En visite officielle à Alger, le ministre français de la Justice, Gérald Darmanin, a été reçu par le président Abdelmadjid Tebboune. Au centre de ce long échange : la lutte contre le crime organisé et la restitution des avoirs illégaux, symboles forts d’un net réchauffement diplomatique entre les deux rives de la Méditerranée.
Priorité à la traque des avoirs illégaux et du crime organisé
C’est le dossier phare qui marque ce regain de coopération bilatérale. Lors de ses entretiens au sommet, le garde des Sceaux français, Gérald Darmanin, a révélé que les autorités algériennes avaient formulé « une centaine de demandes » pour récupérer des biens et des fonds issus de la corruption. Ces avoirs et propriétés mal acquis concernent principalement des anciens responsables de l’ère Bouteflika, qui les avaient illégalement placés dans l’Hexagone.

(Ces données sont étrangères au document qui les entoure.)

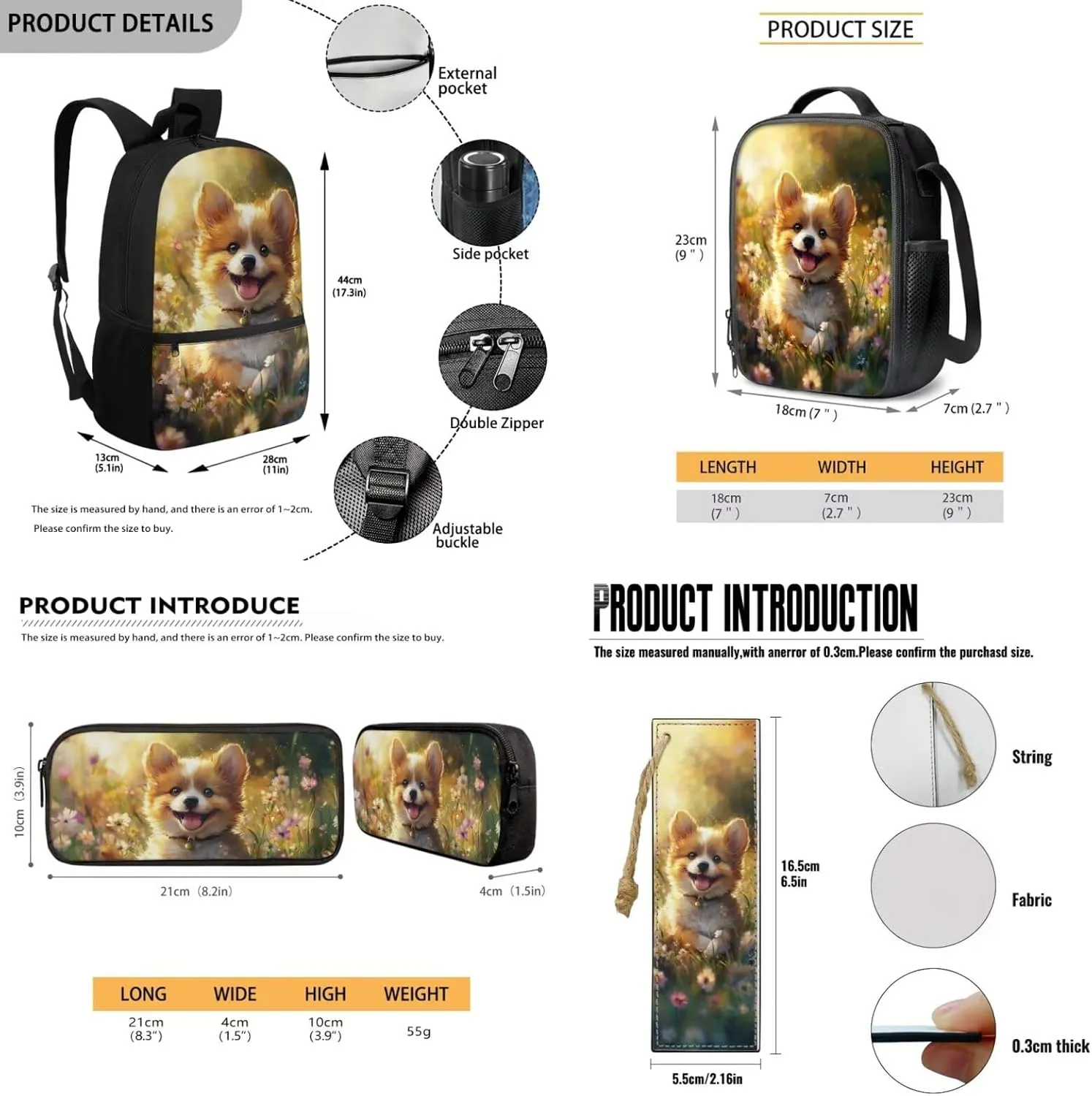 FOR U DESIGNS Corgi Backpack Set School Bag 17 Inch Bookbag for 3rd Grade Girls Age 8-9 Years Elementary Lightweight Ergonomic Spacious Travel Outdoor Supplies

Parallèlement à cette traque financière, les discussions ont largement porté sur le traitement de dossiers judiciaires jugés « extrêmement importants, très sensibles et complexes » par l’ambassadeur de France à Alger, Stéphane Romatet. Parmi eux figurent de manière cruciale la coopération judiciaire pénitentiaire, les demandes d’extradition, la lutte contre la criminalité organisée, et plus spécifiquement le démantèlement du réseau criminel connu sous le nom de « DZ Mafia ».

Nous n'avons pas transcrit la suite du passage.